No, although I don’t think many people have tried. (Esolangs can be notoriously difficult to reverse-engineer from nothing but source code; I imagine it would be near-impossible for most of my languages except for maybe Forte, where the apparent obviousness of what’s going on is part of the joke.) I probably could figure it out with a few hours or maybe days of staring at it (having the advantage of having written the language in the first place, and perhaps remembering more details), but I haven’t really used what free time I have for that, with other esolanging projects having higher priority. (Perhaps it’s for the best that it’s left as a puzzle for others.)

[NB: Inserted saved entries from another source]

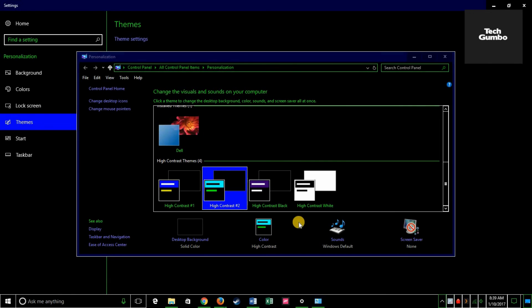Let me know in the comments if you plan to use dark mode and whether you like or dislike it. If you got something useful, click the like button and subscribe to receive more tips, tricks, and tutorials from TechGumbo.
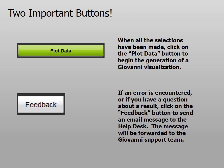There are two important buttons that you need to know about. The first one is the green plot data button. When you have made all of the selections, click on the plot data button to begin the generation of a Giovanni visualization. The other important button is the feedback button. If an error is encountered in the processing, or if you simply have a question about a result you have made, click on the feedback button so you can send an email message to the GAS disk help desk. This message will be forwarded to the Giovanni support team, and it will also forward the information for the session that you were conducting.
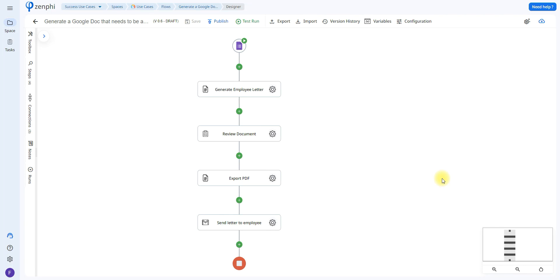Hello and welcome. Today we're going to be going over how you can create a Zenfee flow that can automatically generate a Google Doc that needs to be approved and once approved sent via email. So let's go ahead and get started.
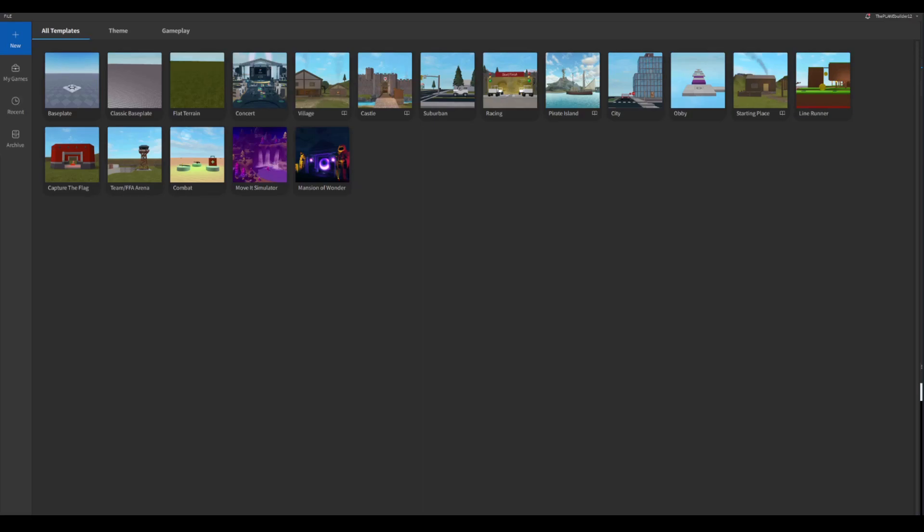What's up guys, RBS here and today's video we're playing Roblox Studio, or should I say making a game. First of all, if you don't have Roblox Studio, it's only for PC.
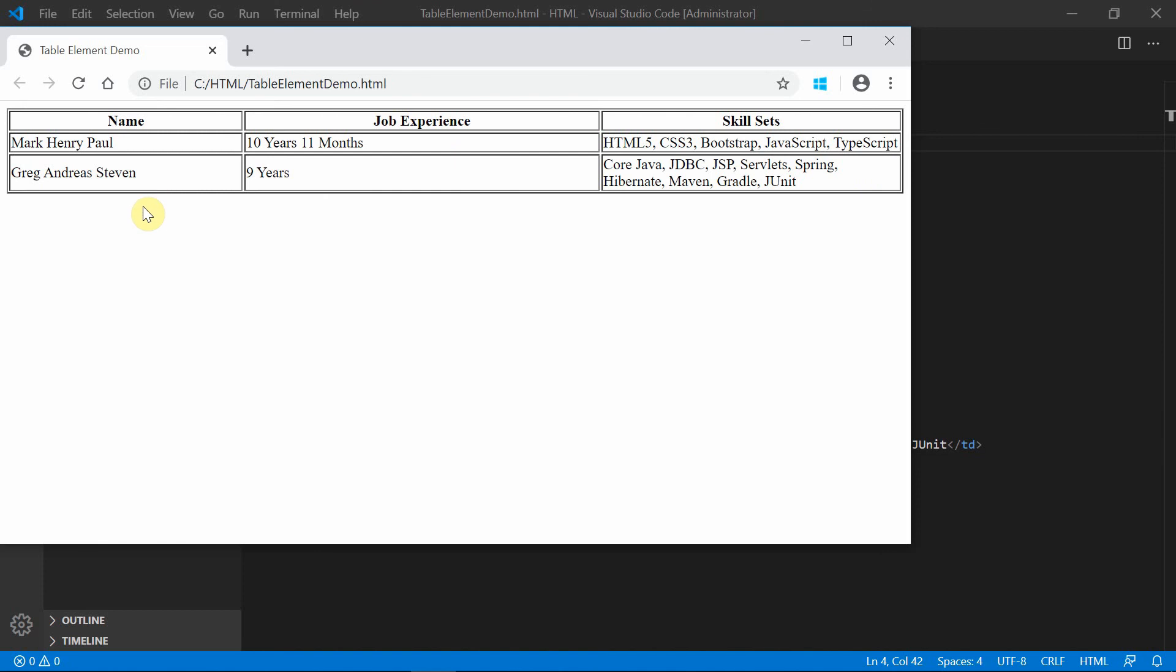So the major difference when we specify the width in pixel and the width in percentage is if we specify the width in pixel, it will always remain fixed. But if we specify the width in percentage, it will occupy or it will resize itself based on the width of the browser. So this is how we can set the column width in HTML table.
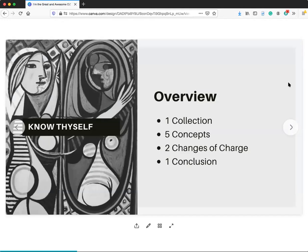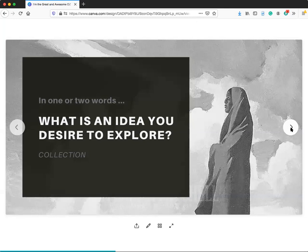Here's the overview of the questions we'll go through. You want to think about one collection with five concepts, and in each concept you'll have what we call a change of charge — two changes of charge — and then at the end a conclusion. The process we'll walk through is what we call exploring, examining, and expression. The first part is exploring some ideas, and as you go through this process, know thyself — because all your ideas are going to come from within.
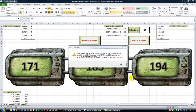Hey there YouTubers, this is Dan Strong with Excel VBA is Fun. Today we have a quick question from one of our viewers, Chris Hicks. He has a workbook that cycles through a bunch of random numbers, almost like a lottery system.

>> Any advice for esolang developers first starting out?

Making new languages is fun, but it can help to implement existing languages and write programs in them in order to get practice and start thinking like an esoprogrammer (and I find that writing esoprograms is often more rewarding than creating languages, in fact). Don’t get hung up on syntax; what a language looks like is trivial to change simply with a find-and-replace, and it’s more important to have an interesting computational model. (If you do use an unusual syntax or appearance as your “gimmick”, a so-called “thematic” language, try tying it into the semantics of the language somehow; languages like Taxi and Haifu are good examples of this, and are much more interesting than thematic languages like LOLCode or the brainfuck-variant-of-the-week.) When implementing languages, don’t worry about implementing a language efficiently until after you’ve got an implementation working at all; and bear in mind that esolangs are typically easier to parse than ordinary languages, and so parsing libraries often aren’t really necessary (and the esolangs that this advice doesn’t apply to are generally so hard to parse that libraries can’t deal with them, I’m looking at you INTERCAL).

Interpreters are typically easier to write than compilers; for languages which are inherently easier to compile than interpret, target C or maybe a high-level language with the right sort of paradigm (such as Scheme for functional esolangs) rather than machine code and you’ll save yourself a lot of work.